A meteorologista e Cientista do Nosso Estado pela Fundação atribui à FAPERJ a viabilização da pesquisa inédita da bioclimatologia da América do Sul. O estudo também foi contemplado no edital de Apoio a Projetos Temáticos no Estado do Rio de Janeiro; recebeu bolsa de Treinamento e Capacitação Técnica (TCT) para Vitor Miranda, primeiro autor do artigo; bolsa de Pós-Doutorado Nota 10 para o segundo autor do artigo, Djacinto Aparecido dos Santos; e Jovem Pesquisador da FAPERJ para Leonardo Peres. 

"O trabalho é de grande importância para a sociedade, visto que com um aumento da frequência de eventos extremos (tais como as ondas de calor) o corpo humano acaba por ter de se adaptar e, por isso, acaba sofrendo com o estresse térmico. O estudo é pioneiro em analisar o comportamento do estresse térmico sob uma perspectiva climatológica e continental, o que é muito importante para as questões de saúde pública como um todo”, considera Vitor Miranda. Grato à FAPERJ pela concessão da bolsa de TCT, ele considera que o estudo foi muito importante para a sua formação, pois permitiu uma melhor compreensão sobre os efeitos dos extremos de calor sob a população, visando uma melhor abordagem temporal e espacial.

Vitor Miranda: para o primeiro autor do artigo, o estudo foi muito importante para a sua formação

Renata Libonati, eleita pela empresa 3M uma das 25 mulheres cientistas na América Latina 2023 que estão mudando o mundo por meio da ciência, por seus estudos sobre prevenção de incêndios florestais e queimadas por meio de satélite, aponta as mudanças climáticas como as principais responsáveis pelo aumento da frequência e intensidade destes eventos extremos compostos de secas e ondas de calor. Ela ressalta que este ano, este tipo de evento composto pode ser agravado pelo El Niño, fenômeno climático caracterizado pelo aumento das temperaturas do oceano Pacífico equatorial, que no Brasil provoca chuvas torrenciais na região Sul e secas severas no Norte e Nordeste. O Sudeste brasileiro, devido às suas características naturais, socioeconômicas e demográficas, é uma das regiões mais vulneráveis à ocorrência de condições concorrentes de seca e onda de calor severos.

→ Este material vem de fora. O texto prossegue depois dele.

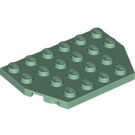 LEGO Sandgrün Keil Platte 4 x 6 ohne Ecken (32059 / 88165)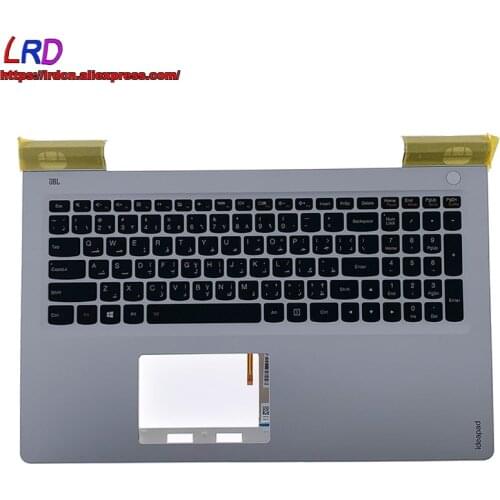 Shell C Cover Palmrest Upper Case with ARA Arabic Backlit Keyboard for Lenovo Ideapad 700-15ISK Laptop 5CB0L03483 SN20K28340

Apesar dos riscos, ainda há poucos estudos focados nesta matéria para essa região brasileira, como de uma forma geral para todo o continente Sul Americano.

Renata destaca também a possibilidade de o estresse térmico aumentar mortalidade, além de ser responsável por 20% a mais de partos prematuros, fatos que foram abordados recentemente no artigo de revisão do grupo: Drought–heatwave nexus in Brazil and related impacts on health and fires: A comprehensive review, publicado na revista Annals of the New York Academy of Sciences. “Precisamos considerar o calor extremo como um desastre natural e um fator determinante sobre a saúde da população, sob o risco de uma sobrecarga – muitas vezes invisível - no sistema público de saúde”. Para a pesquisadora, o País está atrasado na elaboração de políticas públicas de prevenção e controle das mortes e agravos decorrentes do estresse térmico sobre a população e na adaptação das cidades ao calor. “É urgente a implementação de ações da agenda 2030 relacionadas às mudanças climáticas de forma transversal e que possam alcançar práticas que incidem em proteção à vida, principalmente dos grupos vulneráveis”, conclui.